You envenom and you paralyze."
"What have I done, Meess? You must not marry Paul. He cannot marry."
"Dog in the manger!" I said: for I knew she secretly wanted him, and
had always wanted him. She called him "insupportable:" she railed at
him for a "devot:" she did not love, but she wanted to marry, that she
might bind him to her interest. Deep into some of Madame's secrets I
had entered--I know not how: by an intuition or an inspiration which
came to me--I know not whence. In the course of living with her too, I
had slowly learned, that, unless with an inferior, she must ever be a
rival. She was _my_ rival, heart and soul, though secretly, under the
smoothest bearing, and utterly unknown to all save her and myself.
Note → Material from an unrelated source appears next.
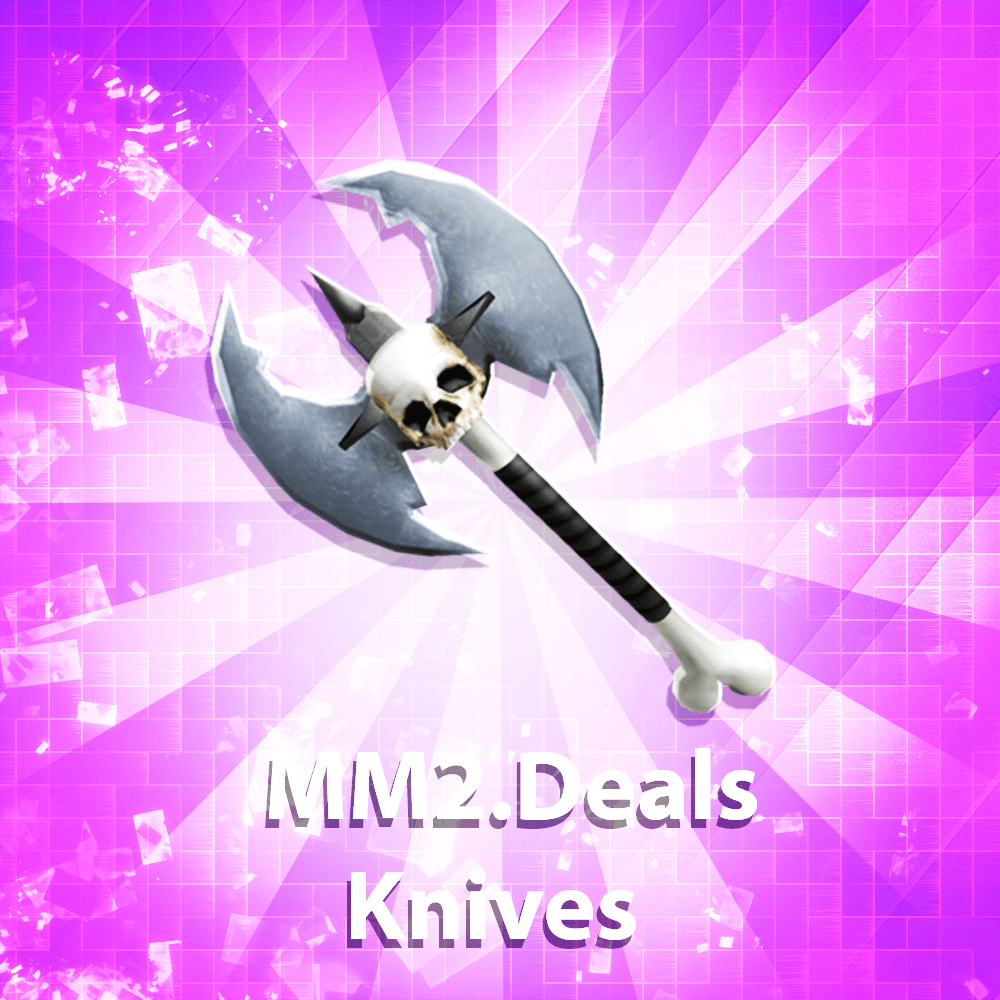 BattleAxe Knife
Two minutes I stood over Madame, feeling that the whole woman was in my
power, because in some moods, such as the present--in some stimulated
states of perception, like that of this instant--her habitual disguise,
her mask and her domino, were to me a mere network reticulated with
holes; and I saw underneath a being heartless, self-indulgent, and
ignoble. She quietly retreated from me: meek and self-possessed, though
very uneasy, she said, "If I would not be persuaded to take rest, she
must reluctantly leave me." Which she did incontinent, perhaps even
more glad to get away, than I was to see her vanish.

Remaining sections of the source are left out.